Törene Kaymakam başta, Müftü, Emniyet Müdürü, Jandarma Komutanı, Tarım Müdürü, Arıcılar Derneği Başkanı tam tekmil oradadır.  

Her resmî törende olduğu gibi burada da uzun uzun kuru ve hamasî konuşmalar yapılır.  

Sonunda mikrofon Müftü efendiye verilir.

Müftü efendi ezberindeki Arapça bir duayı okumaya başlar.

Duadan hazırûn da, arılar da bir şey anlamaz anlamasına da...

Olsun.  

Biz millet olarak hep anlamadığımız dualara "Amin" demez miyiz zaten?

Daha duanın başlangıcında arılar huzursuzlanmaya başlar.
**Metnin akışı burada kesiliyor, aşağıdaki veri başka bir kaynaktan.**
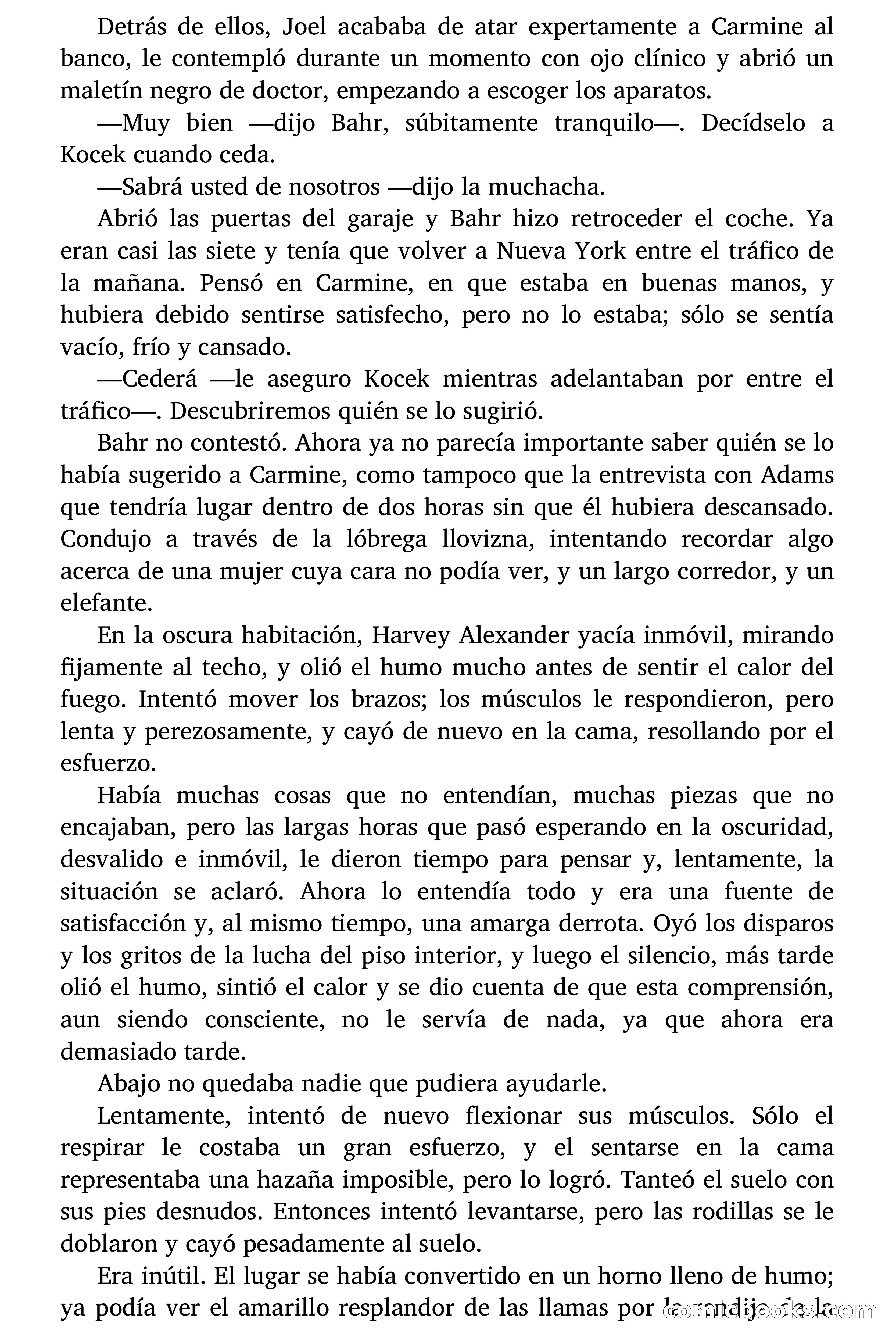 Los invasores llegan — page 165 of 221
Dua uzadıkça huzursuzlukları daha da artar.

Vızıltıları vızıltı olmaktan çıkar.

Nihayet savaş tamtamlarını andıran bir hiddet ve şiddetle saldırıya başlarlar.

"Allah'ını seven kaçsın" dercesine can havliyle herkes bir yana kaçmaya çalışsa da arılar yapacağını yapar.

Önce müftü efendiyi, sonra da kaymakam ve diğer hazırûnu bir güzel şişlerler.

*

Gülmeyin...

Burada arılar hâl diliyle:

"Beyler, kendinize gelin, kendinize!

 Tamam anladık ağır bir cehalet ve ciddiyetsizlik içindesiniz.  

Ne çapınız, ne ahlâkınız ne de liyâkatiniz o makamları taşımıyor.

Benim yaşam alanım yüksek rakımlı yaylalar bir bir imara ve ranta açılırken...

Bitki örtüsü ve çiçekler betona boğulup yok edilirken...  

Siz burada anlamını bilmediğim bir dua ile kendinizi kandırıyorsunuz.

Beyler, aklınızı başınıza alın!  

Dinimizde "Fiili Dua" makbuldür.

Yapabiliyorsanız...

Önce benim yaşam alanım yaylalarıma sahip çıksanız...

Sonra da buraya gelip dua etseniz,

Daha makbul olmaz mı?" demişlerdir bence.

Ne dersiniz, sizce arılar haksız mı?